Uitsluiting kinderarbeid praktisch onmogelijk zonder proactief handelen

De meerderheid van de 64 ondervraagde institutionele investeerders (81%) geven aan dat kinderarbeid uitgesloten wordt nadat bijvoorbeeld blijkt dat een bedrijf UN Global Compact principes heeft geschonden.

Sara Heinsbroek, projectmanager van het onderzoek bij de VBDO: ‘Veel institutionele investeerders hebben echter een complexe toeleveringsketen en uitgebreid beleggingsuniversum. Hierdoor is de kans dat een investeerder toch (al dan niet indirect)

blootgesteld is aan kinderarbeid met name in risicosectoren sterk aanwezig. Daarom is het zeer belangrijk dat niet alleen de due diligence processen gevolgd worden, maar dat er ook proactief actie ondernomen wordt op dit onderwerp. Dit kan bijvoorbeeld door kinderarbeid specifiek te benoemen in engagement met bedrijven.’

Indirecte aanpak van kinderarbeid heeft voorkeur van investeerders

De meeste institutionele investeerders besteden indirect aandacht aan kinderarbeid in hun verantwoord beleggingsbeleid onder de noemer arbeidsrechten of mensenrechten. Een indirecte aanpak komt ook in de verantwoord beleggingsinstrumenten, blijkt uit het rapport. Zo geven beleggers er bijvoorbeeld de voorkeur aan om indirect engagement te voeren op kinderarbeid door middel van engagement over leefbaar loon (49%).

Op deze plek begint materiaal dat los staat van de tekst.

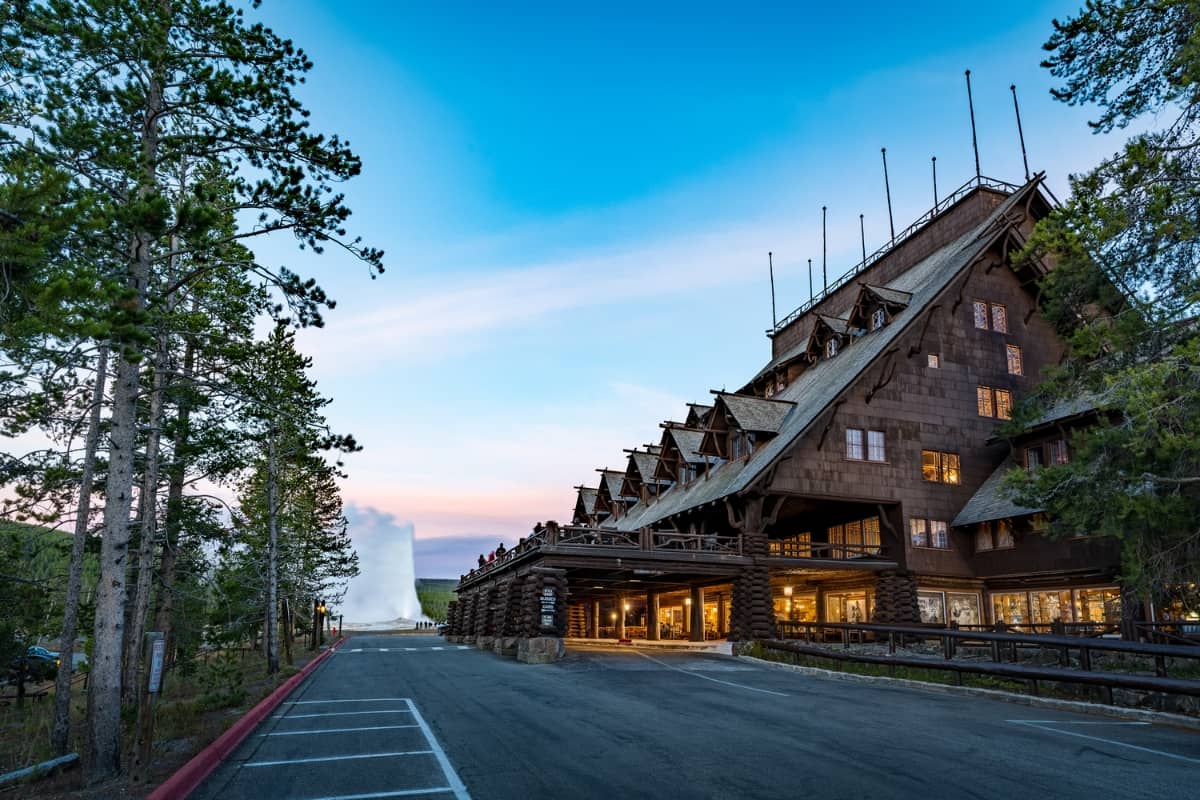 Old Faithful Inn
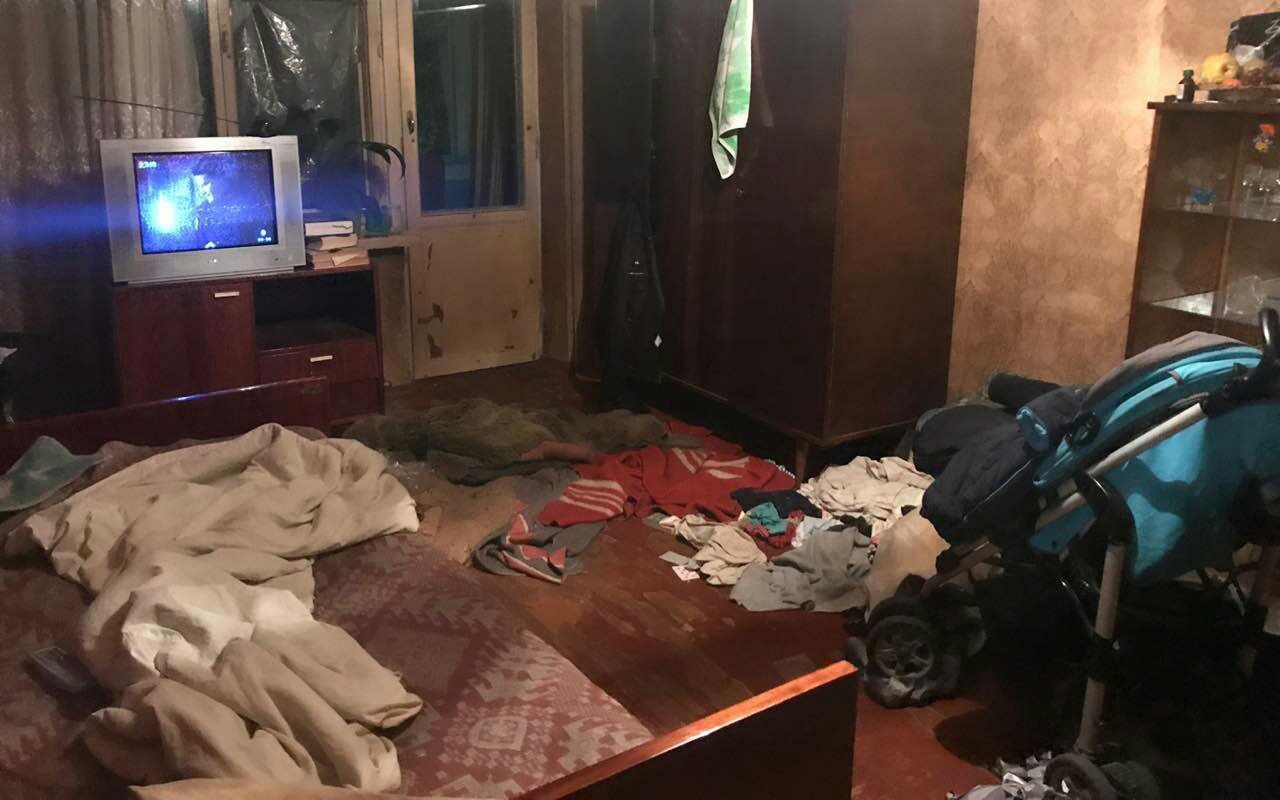 Нетрезвая мать требовала отдать ребенку отцу, то молила оставить с ней Нетрезвая мать требовала отдать ребенку отцу, то молила оставить с ней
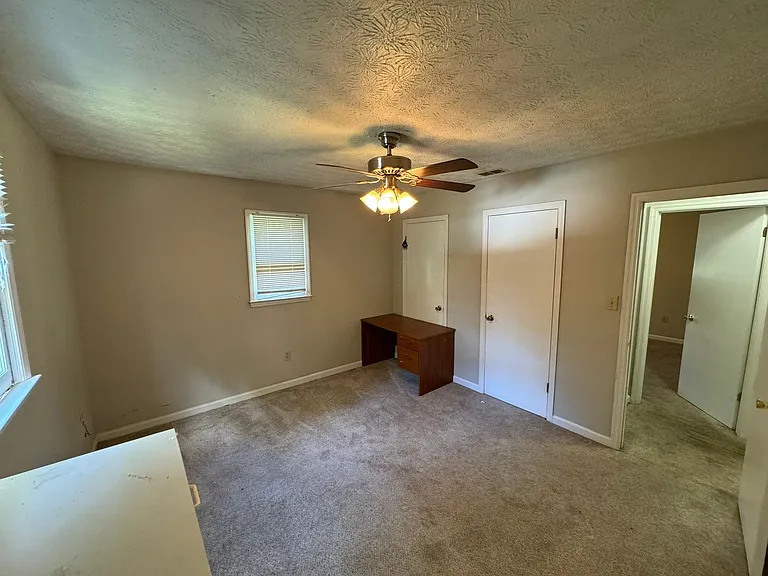 170 Parkridge Dr — Photo 9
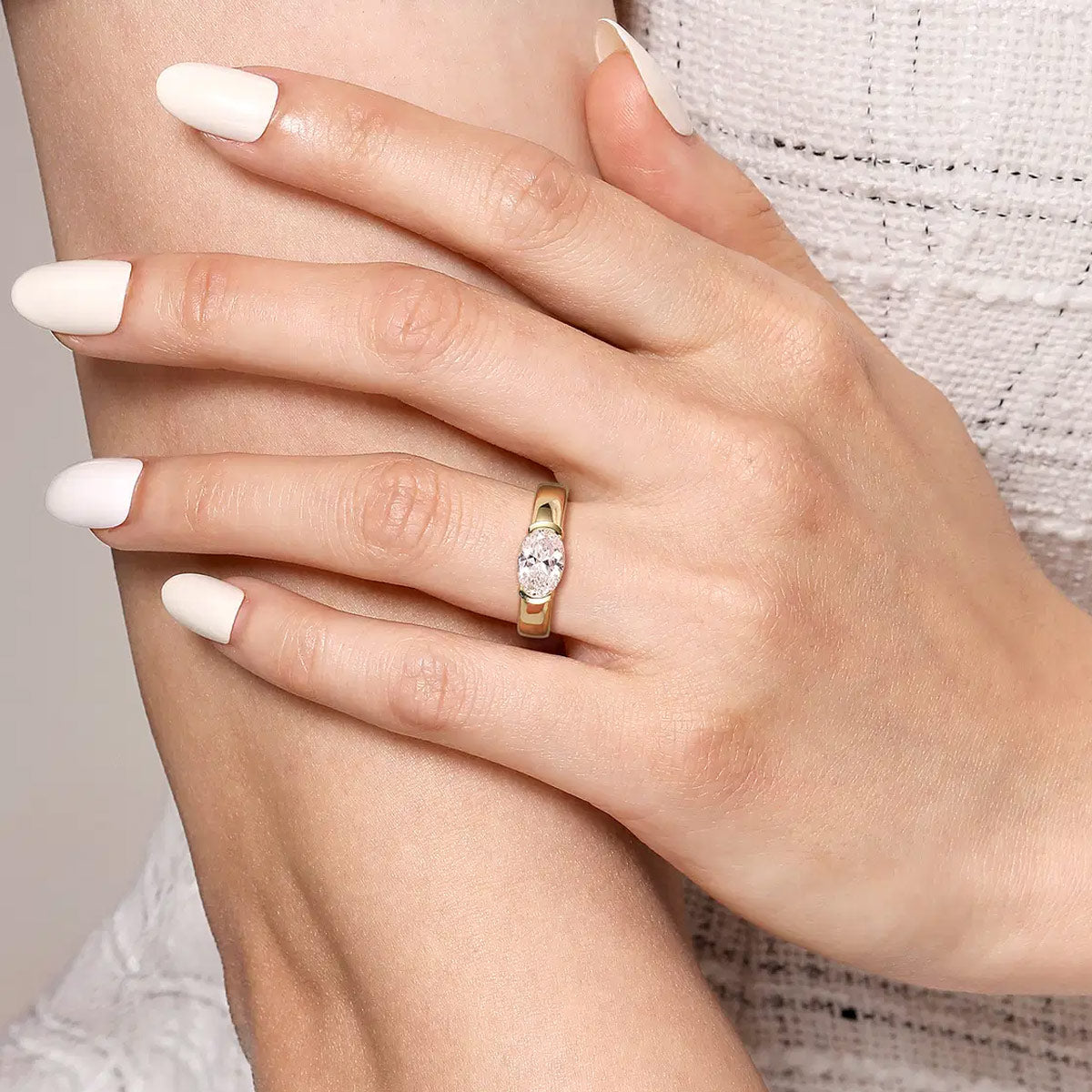 Bara East-West Oval Diamond Engagement Ring Setting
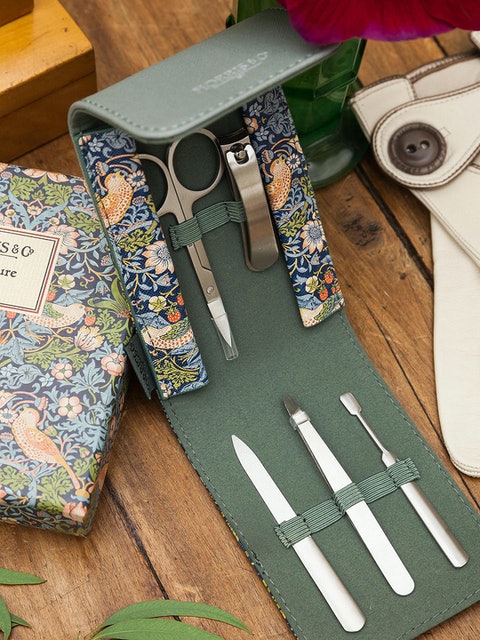 Strawberry Thief Manicure Set 3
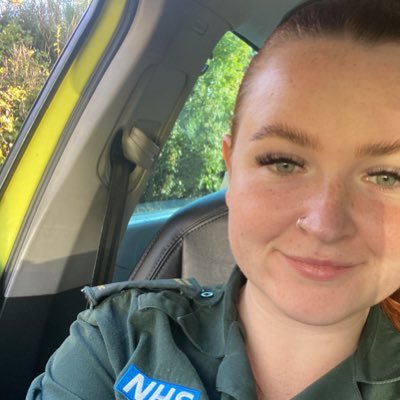 #hellomynameis Louisa - Paramedic 🚑 BSc & PGCert | Interests include Urgent Care and P&EolC | All views are my own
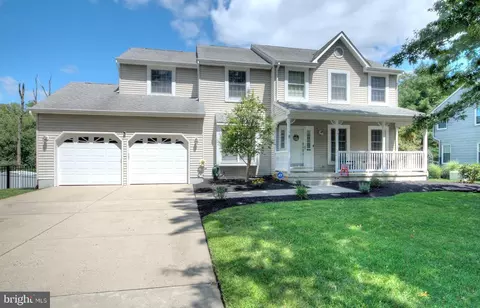 8 Kensington Dr, Mount Holly, NJ 08060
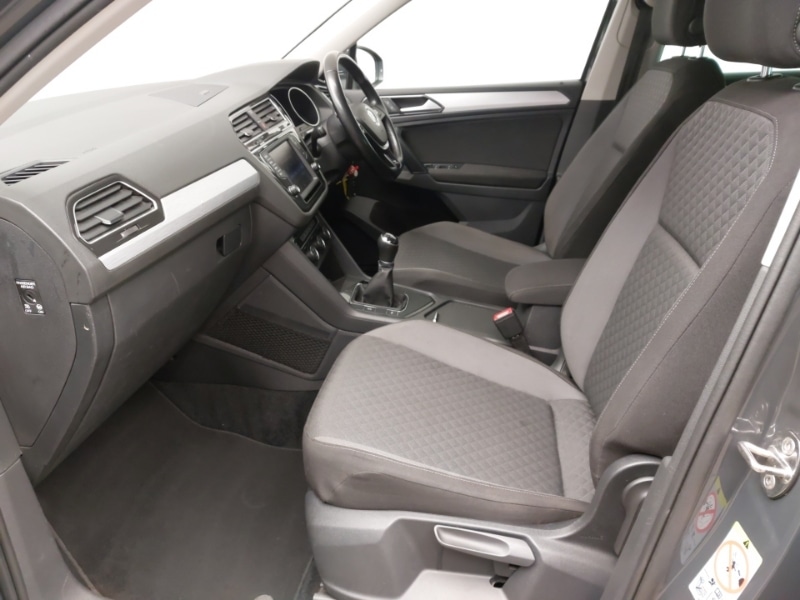 Used Volkswagen Tiguan 2017 for sale - 78126125: Photo 5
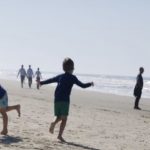 Praia e quase 33°C a três dias de potente massa de ar polar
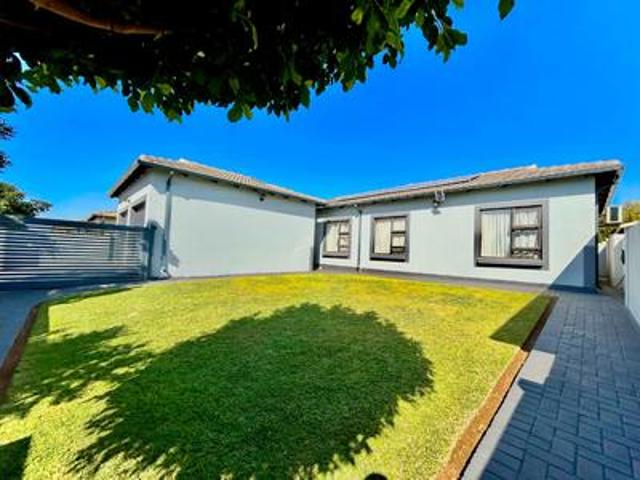 House for sale in Akasia, Gauteng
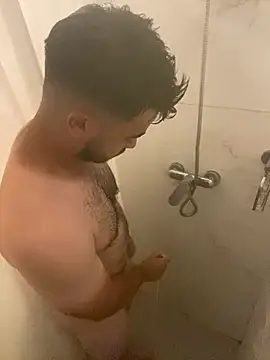 Agusmini online show from March 1, 2026, 11:29 pm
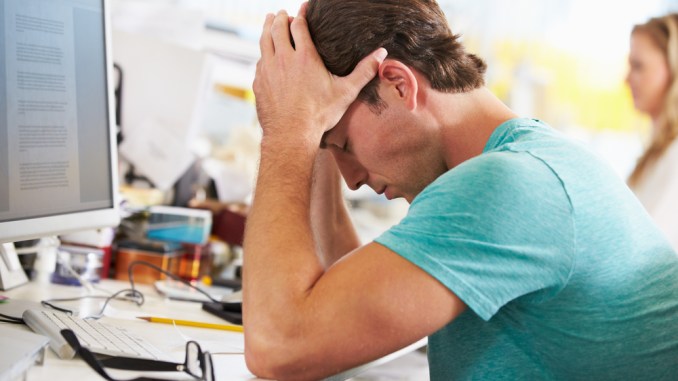 homme irrationnel stress&eacute;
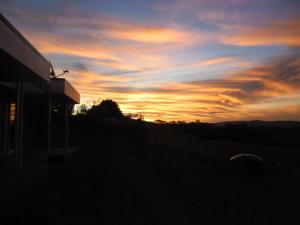 Alba o tramonto visti dall'interno del bed & breakfast o dai dintorni
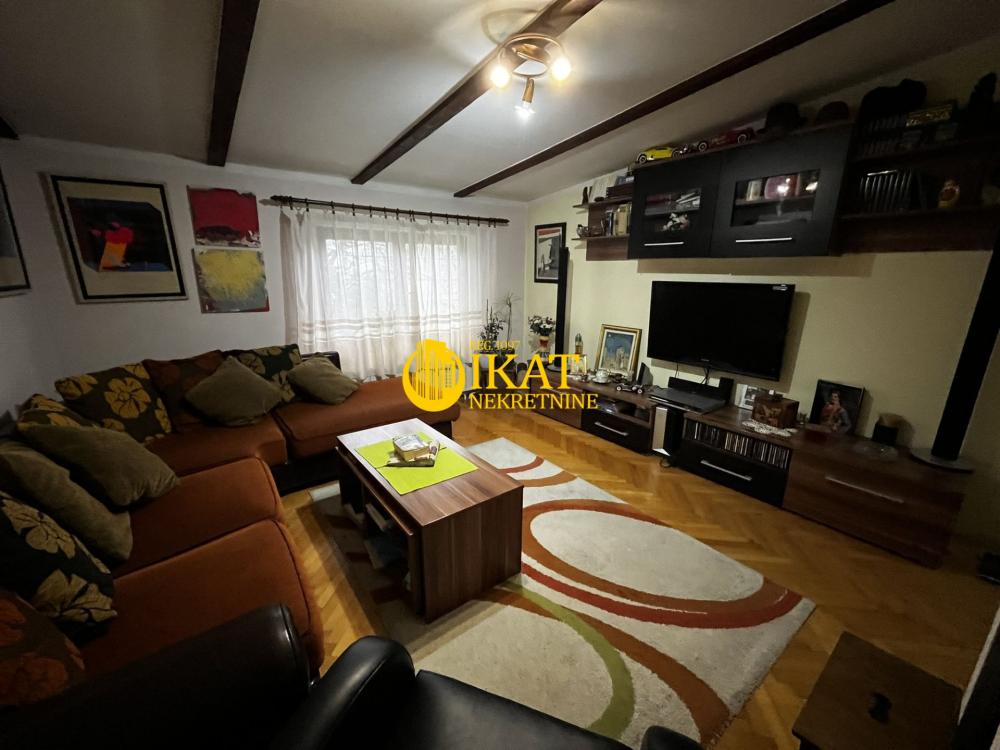 Stan na prodaju u Beogradu, Karaburma, 136m2, cena 278000 evra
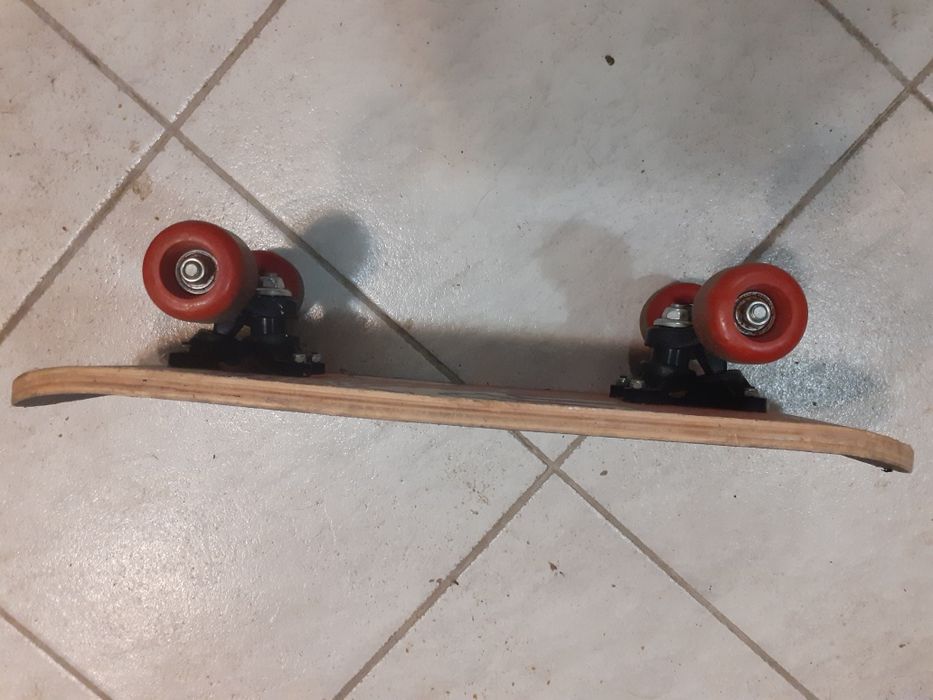 Малък скейтборд с красива щампа,добро състояние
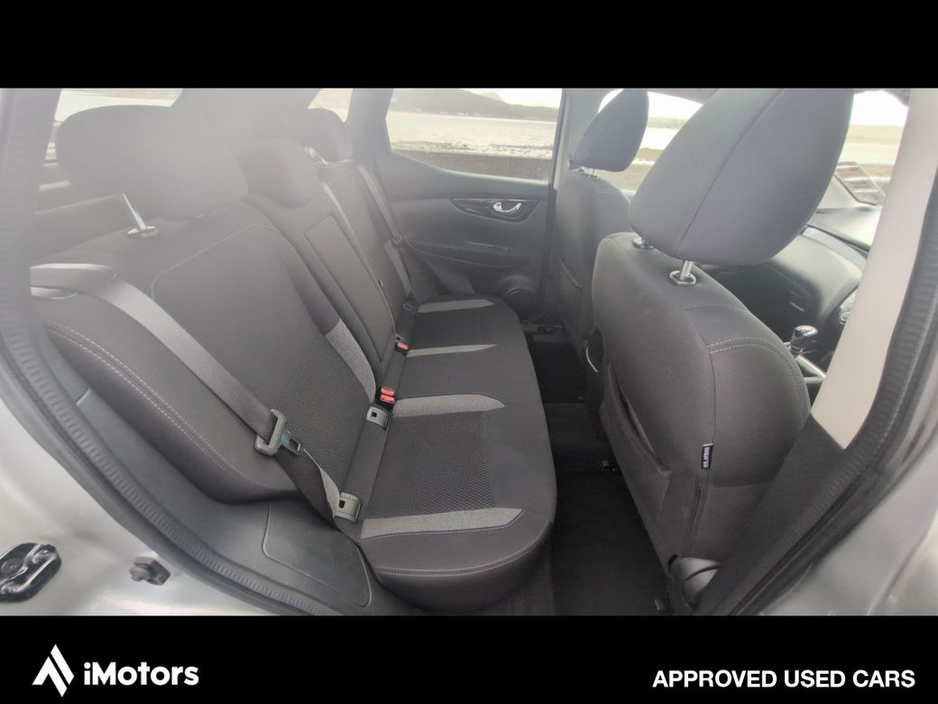 2021 Nissan Qashqai - image 19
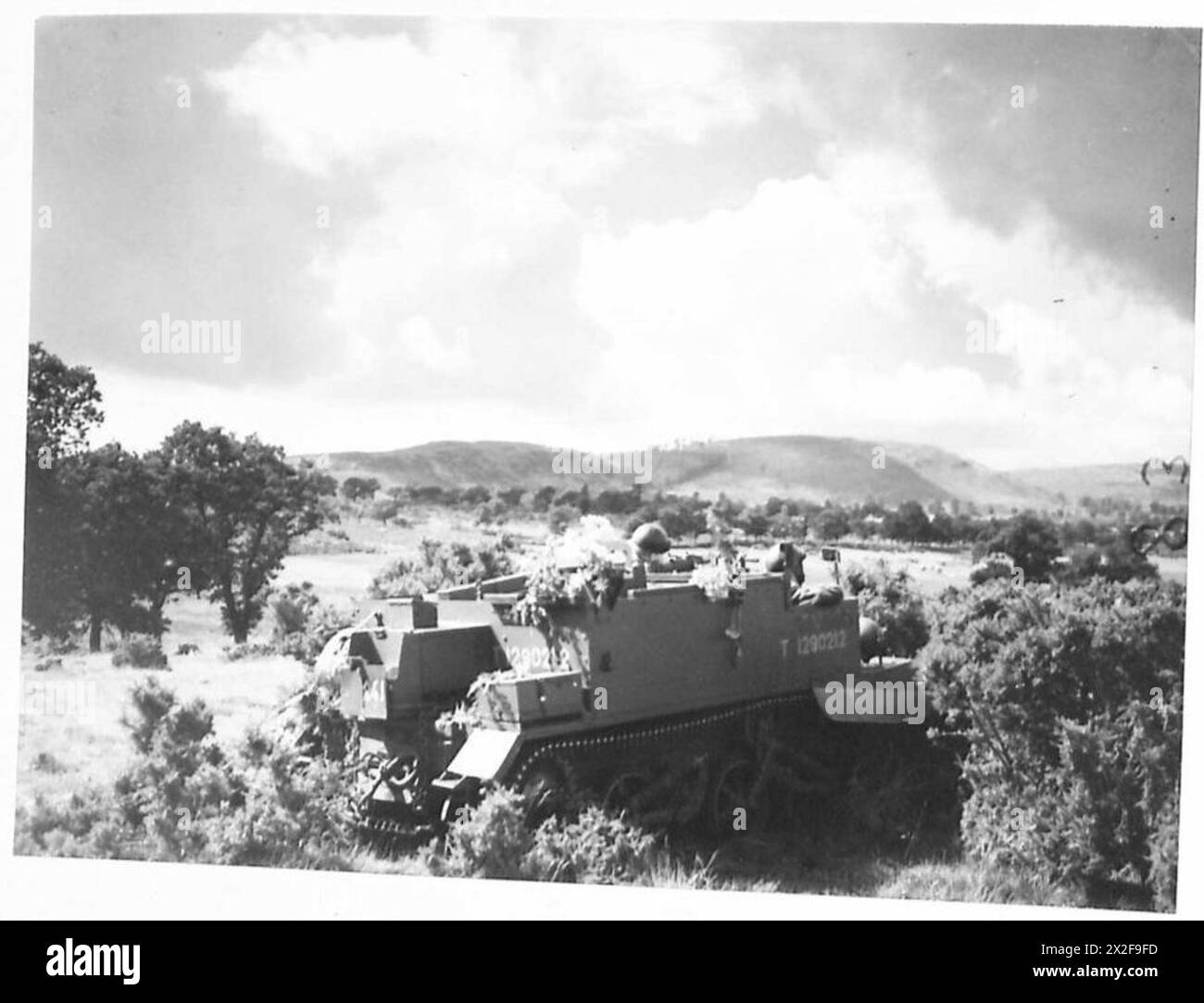 THE COMMANDER-IN-CHIEF HOME FORCES VISITS SCOTTISH COMMAND - A Bren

Sleutelrol voor samenwerkingen

Een andere belangrijke conclusie uit het rapport is dat er weinig samenwerkingsverbanden zin die zich direct bezighouden met kinderarbeid, zoals collectieve engagementtrajecten. Dit terwijl meer dan driekwart van de deelnemers aan deze studie aangeven dat engagement als het meest belangrijke instrument voor het aanpakken van kinderarbeid wordt beschouwd.

Heinsbroek: ‘De kans is groot dat u als institutionele belegger momenteel investeert in kinderarbeid via de toeleveringsketens van een groot bedrijf. Wachten op een controverse alvorens uitsluiting te overwegen is onvoldoende, inefficiënt en profiteert niet ten volle van de mogelijkheden die actief eigenaarschap biedt aan investeerders. Ons advies: maak van kinderarbeid een separaat onderwerp van belang, zoek verbinding met maatschappelijke organisaties in risicogebieden voor meer transparantie in de keten en initieer gezamenlijke engagementtrajecten in sleutelsectoren.’